The permanent team is presently composed of a coordinator, a social worker, and a cook. On a rotating basis, mothers of the children help in the kitchen doing chores as part of their contribution. To this day, the program has been run from a small rented house. There is a tiny kitchen and a dining room that can seat 20 children at a time, forcing the 140 children to eat in shifts. There are also two rooms for activities and meetings and a small library with computers that the children use for school work.

Recently, Fr. Roger reported that a plot of land was donated by the local community. Once the transfer of the property has been concluded, Fr. Roger will be looking for funds to build a house that will allow for the program to accept more children.

Fr. Roger also reported that the government has finally recognized the necessity to help the destitute families by abolishing entry fees in government schools. Some students attend schools out of the local area and need to have daily bus fare to attend their classes.

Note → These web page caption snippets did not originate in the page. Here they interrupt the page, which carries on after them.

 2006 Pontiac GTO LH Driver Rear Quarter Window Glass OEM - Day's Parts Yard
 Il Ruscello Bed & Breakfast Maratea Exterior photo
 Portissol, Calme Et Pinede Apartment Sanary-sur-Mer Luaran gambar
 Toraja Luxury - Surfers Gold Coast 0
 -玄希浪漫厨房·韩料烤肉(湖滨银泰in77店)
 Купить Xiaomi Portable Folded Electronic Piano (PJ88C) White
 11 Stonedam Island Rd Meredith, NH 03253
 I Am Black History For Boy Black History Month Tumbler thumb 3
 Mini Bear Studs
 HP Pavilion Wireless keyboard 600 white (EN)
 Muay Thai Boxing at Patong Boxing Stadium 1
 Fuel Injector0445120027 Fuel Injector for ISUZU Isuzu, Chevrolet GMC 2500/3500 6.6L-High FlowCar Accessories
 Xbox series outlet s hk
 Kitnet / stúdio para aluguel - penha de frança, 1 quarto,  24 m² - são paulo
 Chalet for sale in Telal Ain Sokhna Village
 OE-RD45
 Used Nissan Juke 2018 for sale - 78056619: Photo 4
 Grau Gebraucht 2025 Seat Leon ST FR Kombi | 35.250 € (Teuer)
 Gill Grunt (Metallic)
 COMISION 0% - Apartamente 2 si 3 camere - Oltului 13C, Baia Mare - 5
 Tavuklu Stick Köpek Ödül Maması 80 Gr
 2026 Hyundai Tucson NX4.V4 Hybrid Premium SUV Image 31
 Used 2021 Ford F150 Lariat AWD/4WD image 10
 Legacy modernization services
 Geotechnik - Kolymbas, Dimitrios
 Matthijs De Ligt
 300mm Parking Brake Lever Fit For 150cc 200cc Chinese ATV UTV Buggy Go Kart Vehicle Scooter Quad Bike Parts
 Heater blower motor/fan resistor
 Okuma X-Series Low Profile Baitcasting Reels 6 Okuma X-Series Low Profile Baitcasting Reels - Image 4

The annual cost of the program per child comes to $340. This includes school uniforms, books and school supplies, transportation, daily meals, special programs, outings, rental, and administrative costs.

The Oblates have had great success through their ministry with the children in the program. Those accomplishments are tainted with the knowledge that, for each child that is saved, there are thousands more children who are left to fend for themselves on the merciless streets of Bogotá.

In Matthew 26: 11, Jesus says, “The poor you will always have with you…,” His words ring true for Fr. Roger every day as he faces the numerous children in desperate need. Yet, for each child saved, he remembers that he is helping to keep Christ alive in their hearts and also that Christ is truly alive in the hearts of the compassionate supporters of Oblate ministries throughout the world.

Oblate History in Colombia
It was the Haitian Oblates who first established the Oblate mission in 1994. Today there are eleven Oblates in Colombia, of whom four are Haitians, two are Americans, one is Colombian, and there are four Seminarians.

Oblate Ministries in Colombia
In Mahates, a costal Parish in the Archdiocese of Cartagena, the Oblates help forty students from poor families attend the local school system.
In Cartagena, in El Pozon, the Oblates help about a dozen students from poor families pursue their university studies.
Fr. Joseph Jean Louis, O.M.I., and Fr. Herick Jasmin, O.M.I., direct the Oblate House of Formation in Bogotá. The Oblate seminarians often teach catechism to some of the children in Fr. Roger’s program.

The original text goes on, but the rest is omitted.